━━ Information provided ━━

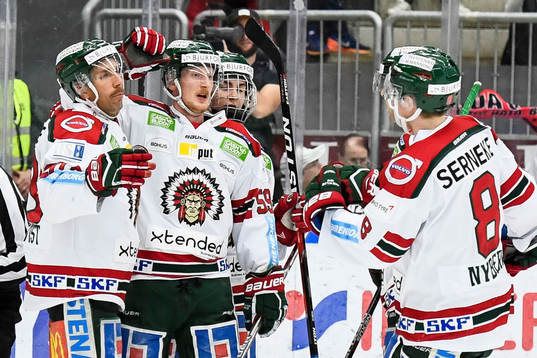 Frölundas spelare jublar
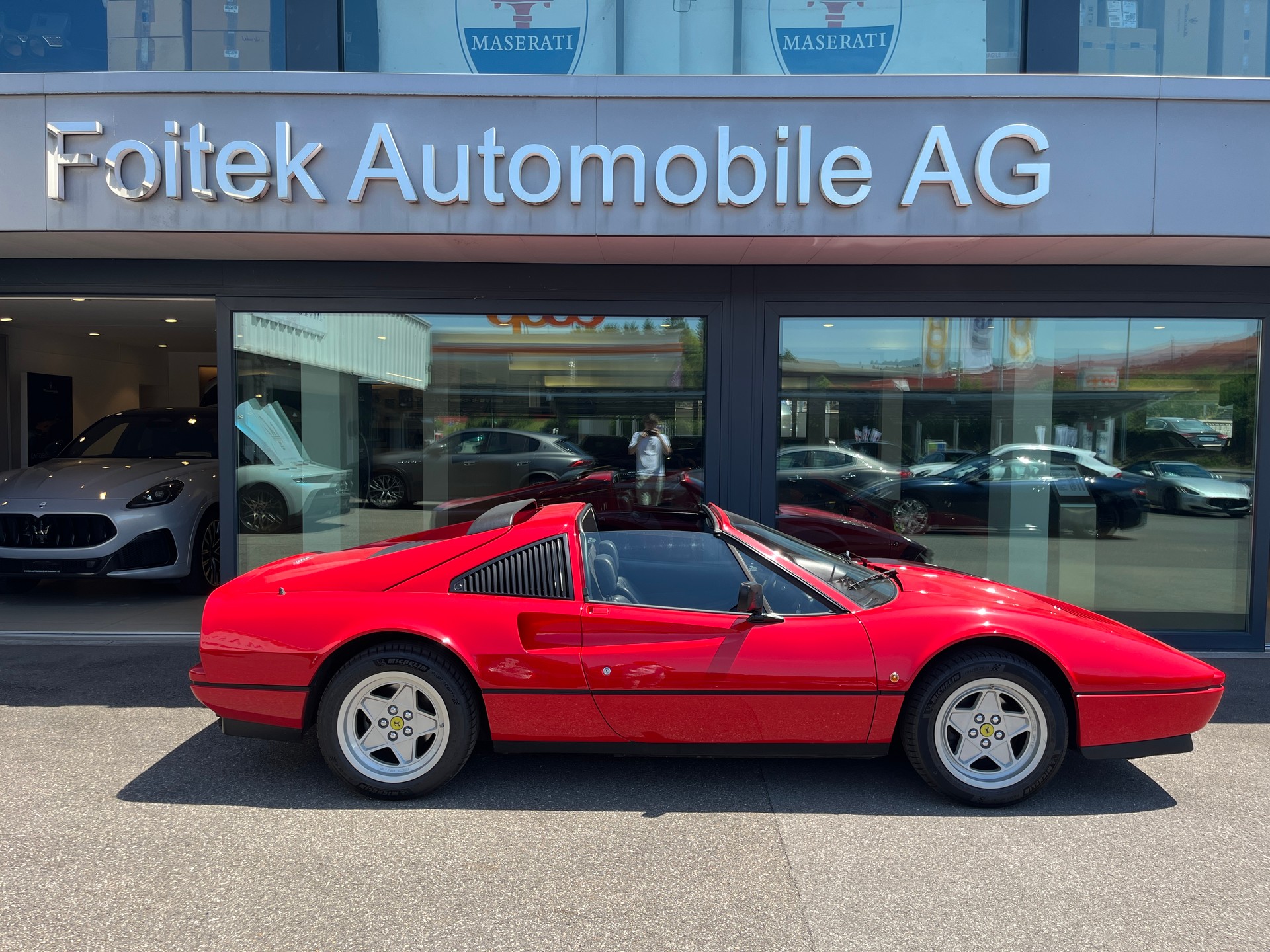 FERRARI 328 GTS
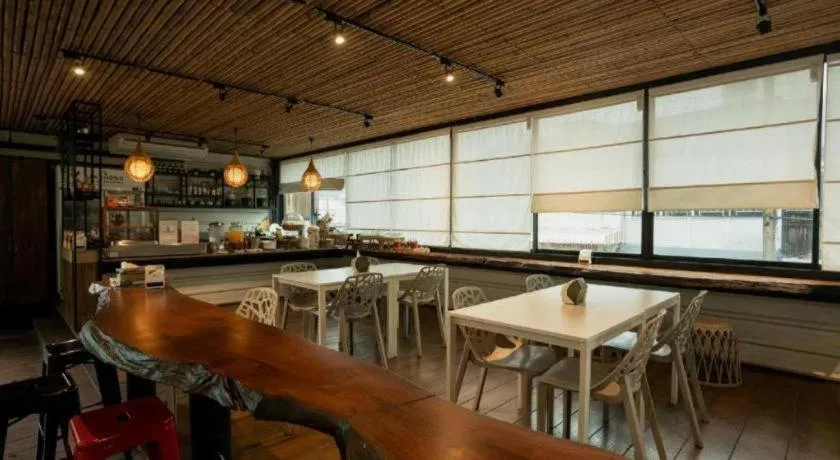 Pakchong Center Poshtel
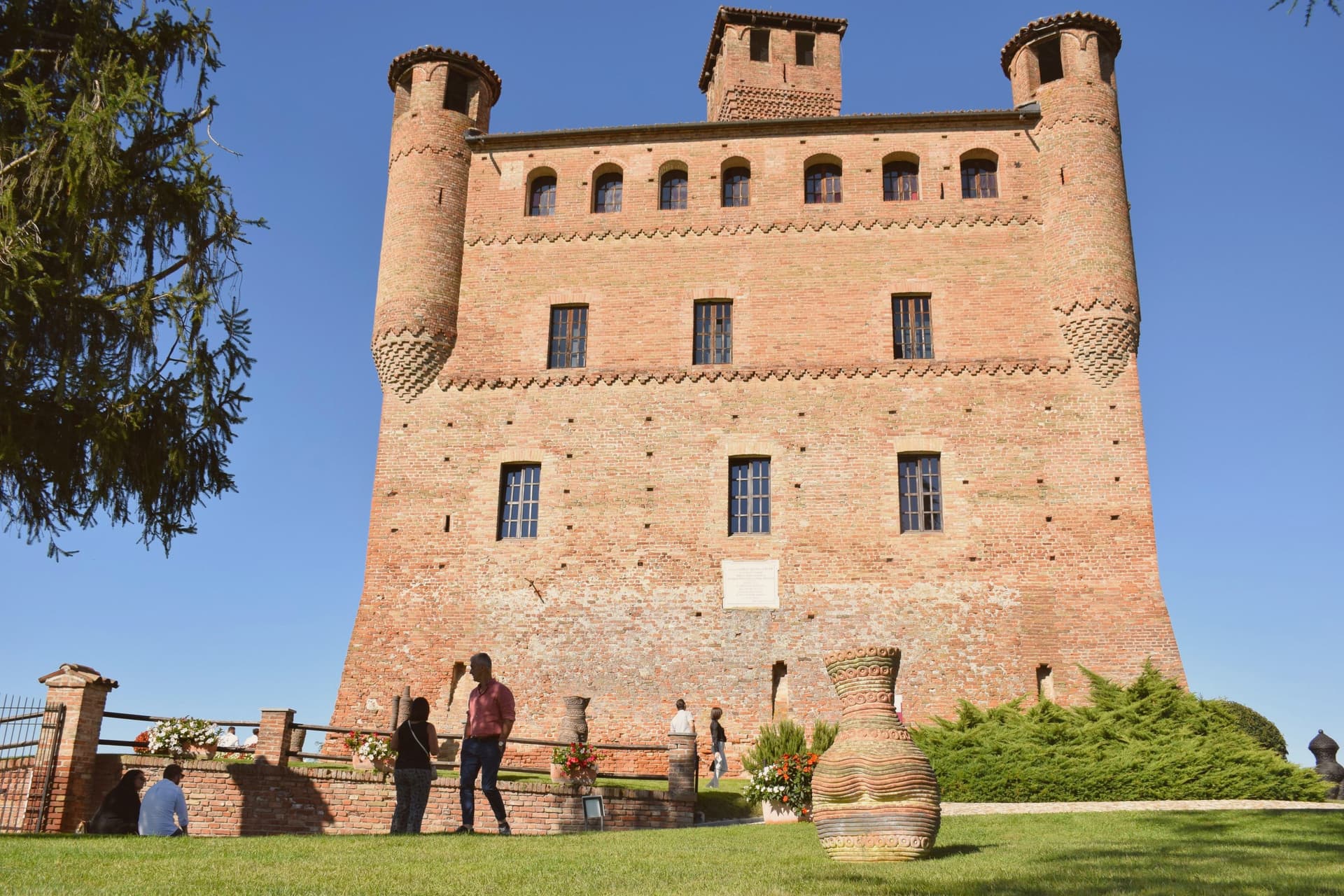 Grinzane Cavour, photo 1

━━━

# [What you need to do]
Find the line that has "Pakchong Center Poshtel" in the listing, then retype it and each later line up to the last, exactly. Leave pictures out.

# [Result of this exercise]
 Pakchong Center Poshtel
 Grinzane Cavour, photo 1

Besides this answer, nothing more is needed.